Stereotypes depict them as eccentric individuals, hunched over a desk overflowing with papers and books, copious notes scribbled in the margins. But Maggie Berg contends that, to some degree, everyone’s a literary critic.
“What I want my students to come away with is that they’re always being literary critics when they read,” she said. “We are all literary critics when we discuss literature.” Literary criticism is the study, discussion, evaluation and interpretation of literature. Some critics consider literary criticism to be informed by literary theory, while others consider the two to be separate. The actual job of a literary critic is to look at a literary text and how it relates to society, Berg said. For this, literary critics look at a work’s relation to one or more of the schools of criticism, such as feminism, Marxism, formalism or post-structuralism.
“I think the idea is that literary criticism uses ideas that are circulating in society anyway,” Berg said. “It asks questions about how we live our lives, but in relation to literary texts.
“There are so many different ways of going about literary criticism. It depends on your value systems and beliefs.”
Berg, who teaches literary criticism at both graduate and undergraduate levels, said literary criticism is socially relevant because it offers us a different way to view the world.
“Why is literary criticism important?

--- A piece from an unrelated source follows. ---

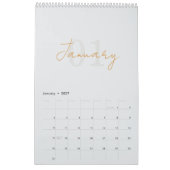Modern Simple Elegant 2026 Calendar カレンダー (1月 2027)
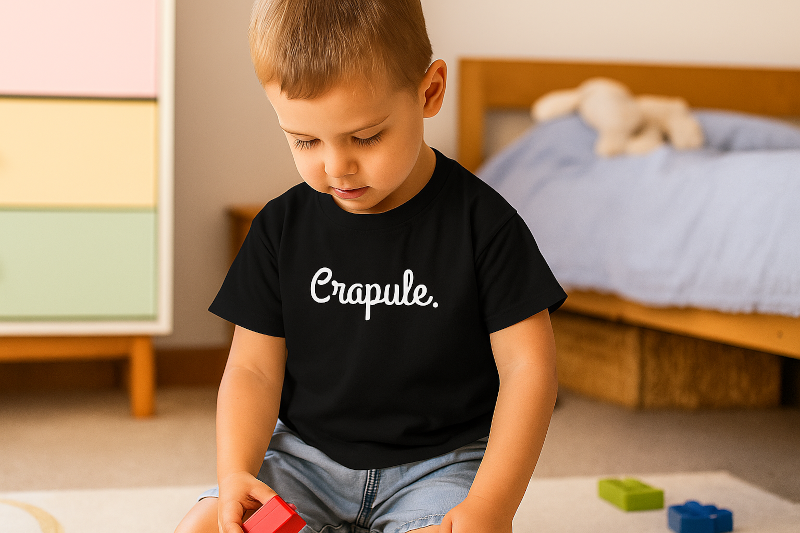 T-shirt crapule personnalisé  enfant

Because the way we read texts—which is what literary criticism is—is directly related to the way we live our lives,” she said.
English Professor Laura Murray said the different schools of literary criticism and theory give a reader the tools to analyze a text.
“If you’re carrying a bunch of tools with you, you’re not always going to use the same one, and you’re not always going to use all of them. … You kind of identify the problem, and then go to the appropriate tool,” she said.
“Knowledge of the different tools allows you to look at a novel through different lenses.” Murray said she tries to look at a text for the first time without a particular literary theory in her mind.
“Certain texts may seem to invite one approach or another. … Myself, I’m not a card-carrying Marxist or feminist or psychoanalytical critic, but I will start to follow those paths if the book seems to invite them,” she said.
In delving into literary criticism, Murray said students should trust their gut reactions.
“Students would do well to trust themselves more than I think they do. Sometimes I feel that students have been told in high school that when you read a book you need to do X, Y and Z, and look for A, B and C … and they suppress their own reactions,” she said.
Learning how to think critically about literature doesn’t mean you can’t enjoy it anymore, Murray said.
“Some people think that once you get into the critical mode you can’t enjoy things, or you have to read as a critic. … For me, it doesn’t work that way because understanding how something works can actually increase the pleasure of it,” she said. “I mean, you wouldn’t say that you appreciate nature less if you know about ecology. I’ve always been an analytical kind of person … and I think a lot of us who are in this business are kind of that cast of mind. You have to like reading, and have to be willing to read something a second time, maybe a third or a 10th.”